- Original British quad poster
- Directed by: Ross Cramer
- Screenplay by: Ross Cramer
- Based on: Original story by Derek Ford
- Produced by: Michael Kilinger Anthony Klinger
- Starring: Eddie Kidd Irene Handl Murray Salem
- Cinematography: Brian Tufano
- Edited by: John Jympson
- Music by: Paul Fishman
- Production company: Michael Klinger Productions
- Distributed by: Enterprise Pictures Limited (UK)
- Release date: May 1981 (UK);
- Running time: 96 minutes
- Country: United Kingdom
- Language: English
- Budget: £3 million

= Riding High (1981 film) =

Riding High is a 1981 British drama film directed by Ross Cramer and starring Eddie Kidd, Irene Handl and Murray Salem. The screenplay concerns a bored young motorcycle messenger who begins training to take part in a major biking competition.

==Cast==
- Eddie Kidd ... Dave Munday
- Irene Handl ... Gran
- Murray Salem ... Marvin Ravensdorf
- Marella Oppenheim ... Zoro
- Bill Mitchell ... Judas S. Chariot
- Zoot Money ... Dorking
- Paul Humpoletz ... Gelt
- Lynda Bellingham ... Miss Mott
- Daniel Peacock ... Clerk
- Owen Whittaker ... Astro
- Claire Toeman ... Jem
- Ken Kitson ... The Halifax Hellcat
- Vivienne McKone ... Minty
- Saiward Green ... Mol
- Peter Whitman ... Fred Turkey
- Angela Crow ... Beryl
- April Olrich ... Dorking's Bird
- Oliver Smith ... Burt Ganja
- Patricia Hodge ... Miss Hemmings
- Alan Dudley ... Mr. Willow
- Allan Warren ... Photographer
- Diana Weston ... Receptionist

==Production==
The film was based on a script by sexploitation filmmaker Derek Ford, who had been impressed by the personality of stuntman Eddie Kidd when he saw Kidd interviewed on television. Ford wrote Bikers for Kidd, which was meant to be made for £500,000. Michael Klinger became involved as producer, and he felt the money could not be raised with Ford, so that filmmaker was eased out of production. The movie ended up being called Riding High and cost £3 million.

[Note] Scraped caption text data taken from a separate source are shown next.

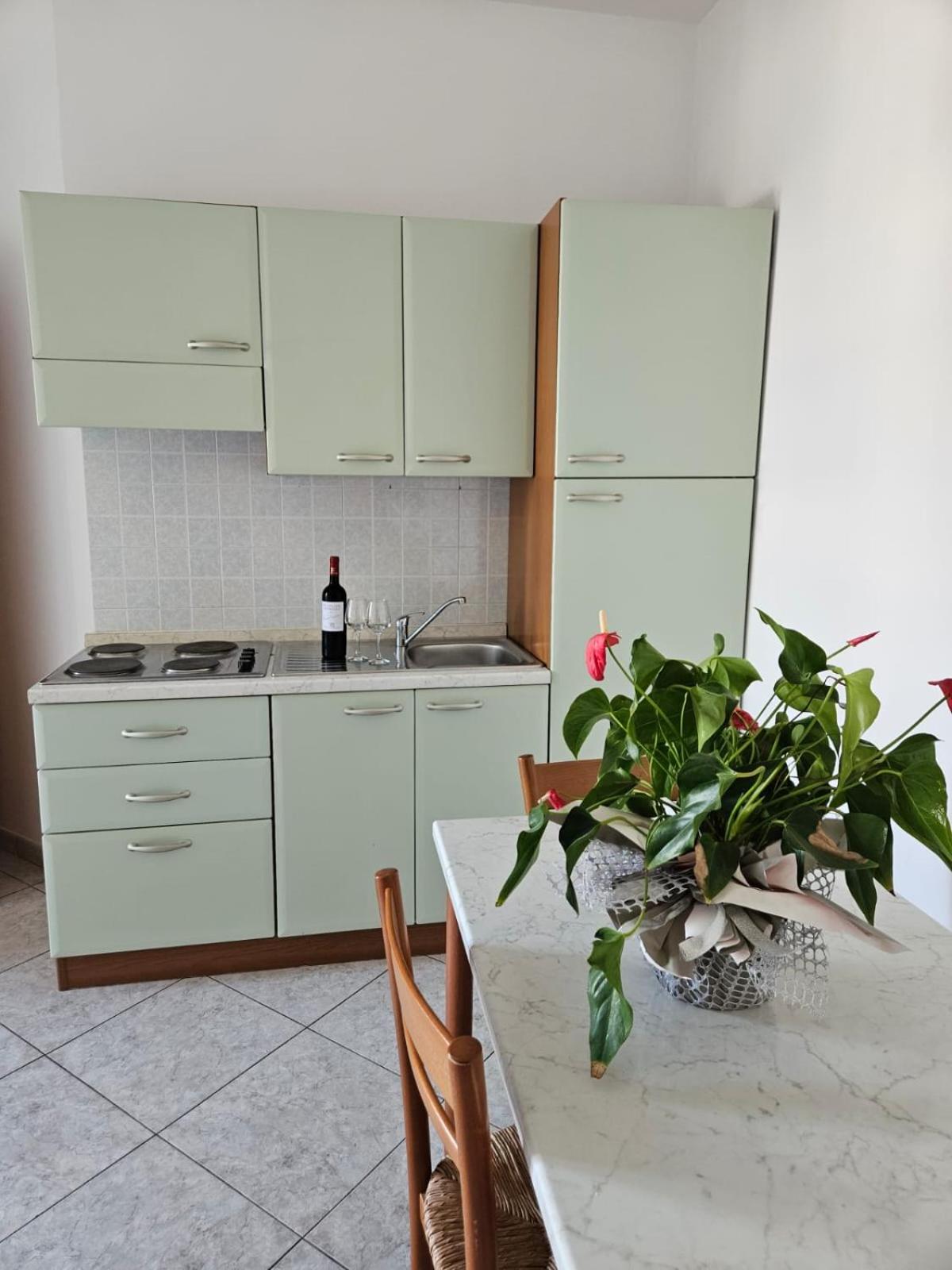 One-Bedroom Apartment - Photo 15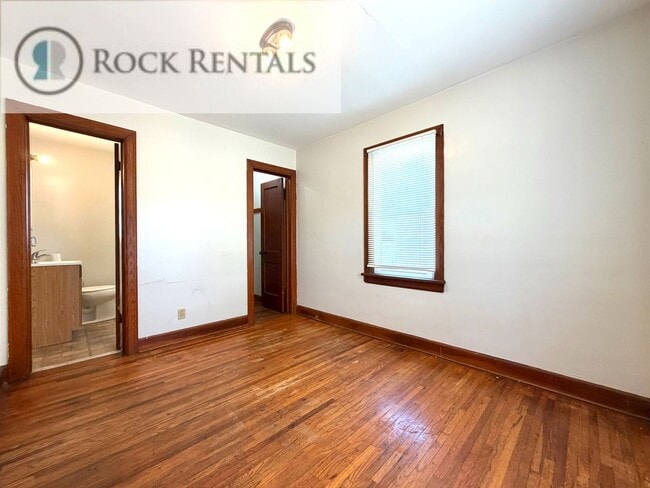 Building Photo - Cute 1 Bed 1 Bath Cottage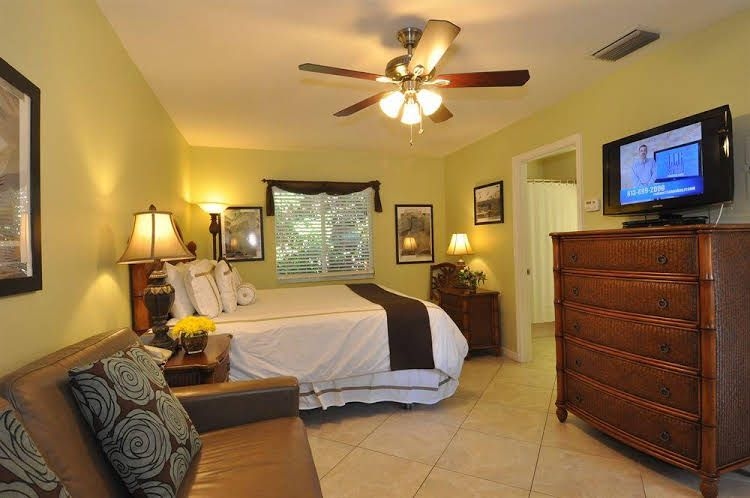 Tropical Beach Resorts - Sarasota0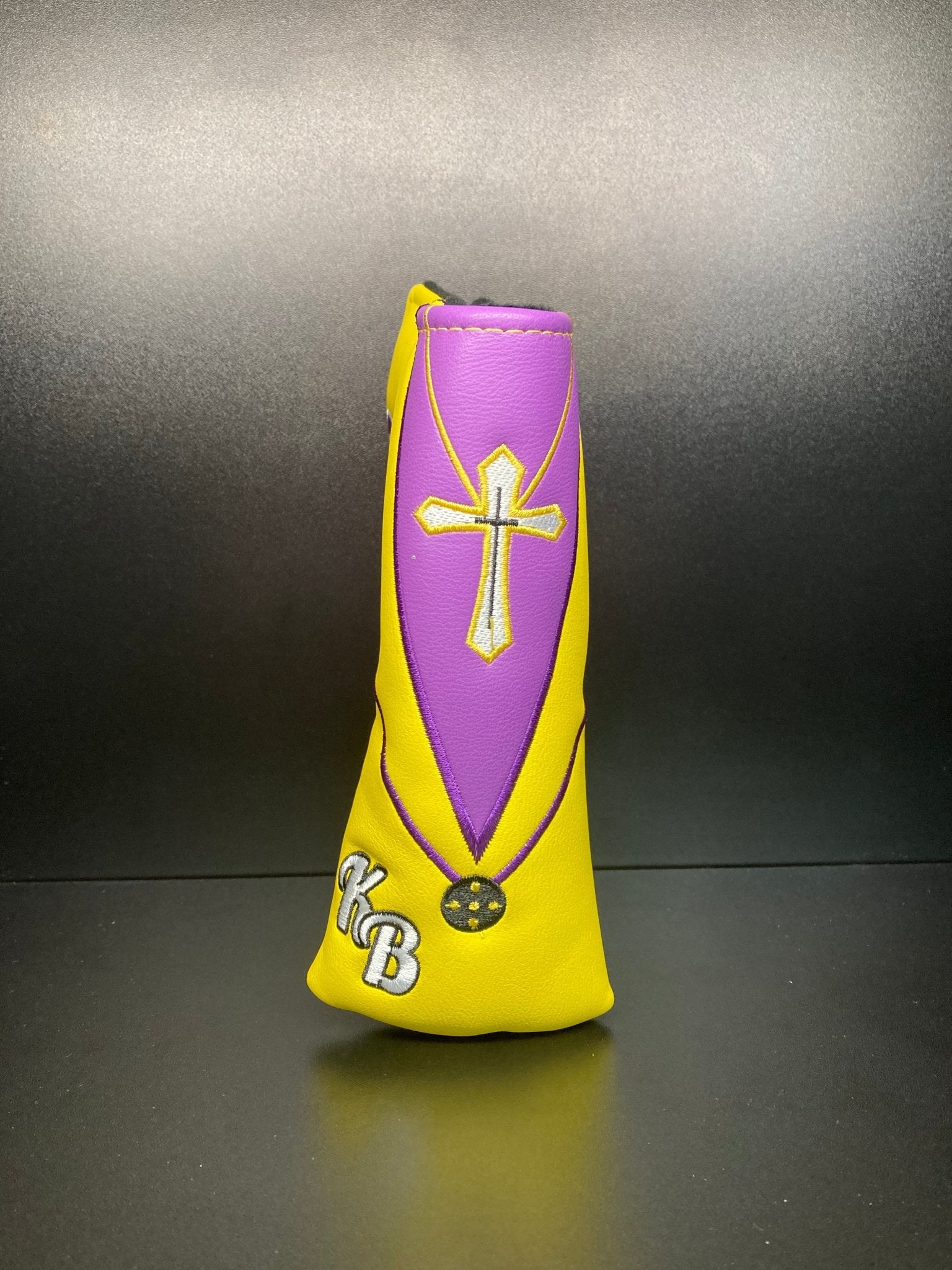 Kobe GOAT Headcover - Black Girl Golf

Ford says the movie was filmed with two endings, one where Kidd's character dies, the other where he lives. This was because no one was sure if Kidd would survive the final stunt sequence, where he jumped over a broken bridge. This stunt was the last part of the film shot.

Tony Klinger says the film ran out of money during production so his father Michael had to borrow money from a criminal to pay everyone.

==Reception==
The film was not a success at the box office.

One critic called it "not so much a film as an excuse to show off" Kidd's "madcape motorbike stunts." Derek Ford called it a "lousy picture".